Mangelnde Wertschätzung
Stattdessen fand sich in Zusammenarbeit mit dem Belvedere eine Alternative. 2012 bezog TBA21 (Thyssen-Bornemisza Art 21. Jahrhundert) ein ehemaliges Bildhauer-Atelier, die so genannte Augarten-Expositur. Allerdings mangelte es an Besuchern, ein Umstand, der sich trotz kostenfreien Eintritts nicht änderte. Der Nutzungsvertrag für die Augarten-Expositur läuft 2017 aus; die Verlängerung scheint derzeit kein Thema zu sein.

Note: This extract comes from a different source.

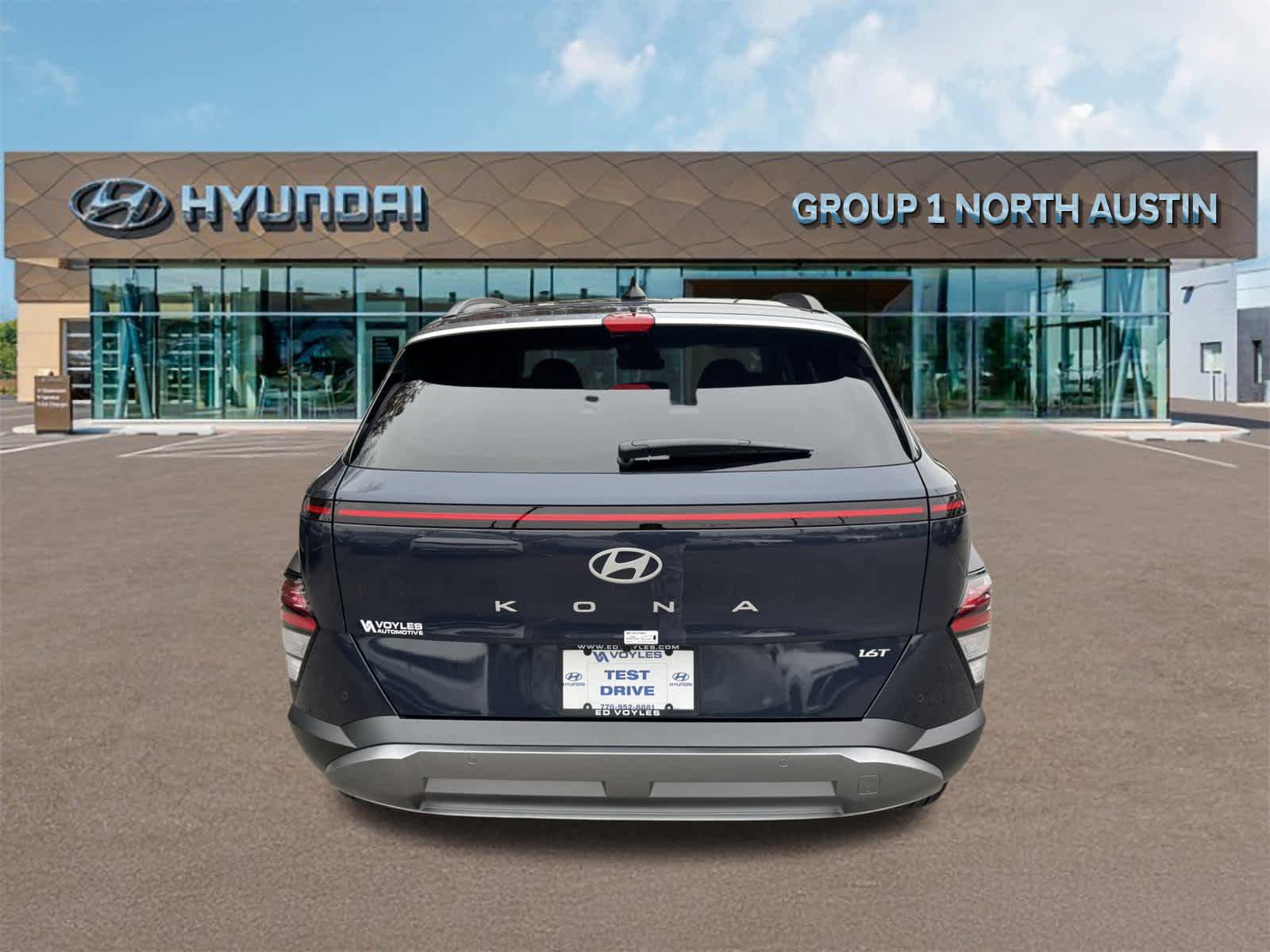 New 2026 Hyundai Kona Limited image 6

Cerith Wyn Evans: "A Community Predicated on the Basic Fact Nothing Really Matters" von 2013. Das aus Neon und Stahlkabeln zusammengesetzte Werk misst in der Länge über sechs Meter. Quelle: Jens Ziehe / TBA21
Aktuelle Interviewanfragen lehnt Habsburg derzeit kategorisch ab. Dabei wäre interessant zu wissen, wie umfangreich die Sammlung tatsächlich ist, die der Öffentlichkeit bislang nur häppchenweise über Ausstellungen präsentiert wurde. 2013 sollen es etwa 600 Kunstwerke gewesen sein, darunter „große, raumgreifende Installationen“, die teils in Österreich und dem Vernehmen nach auch in einem Zollfreilager in Zürich lagern.
Nie Förderung beantragt
Um wie viel Nutzfläche soll es künftig überhaupt gehen? Bedarf es 1.000 Quadratmeter oder einer Palastdimension? Die an ihre Pressestelle übermittelten Fragenkataloge bleiben unbeantwortet. Man solle sich inhaltlich an Publiziertem bedienen, dazu gehört auch ein dreiminütiger TV-Beitrag, da einzig dem ORF eine kurze Audienz gewährt worden war. Darin beklagte sich Francesca Habsburg etwa überaus deutlich über die mangelnde Wertschätzung und jahrelange Hinhaltetaktik der Wiener Kulturpolitik. Ebenso moniert sie, „kaum bzw. nicht von der öffentlichen Hand unterstützt zu werden“. Auf explizite Anfrage, erklärt das Kulturministerium jedoch, TBA21 habe nie Förderungen beantragt.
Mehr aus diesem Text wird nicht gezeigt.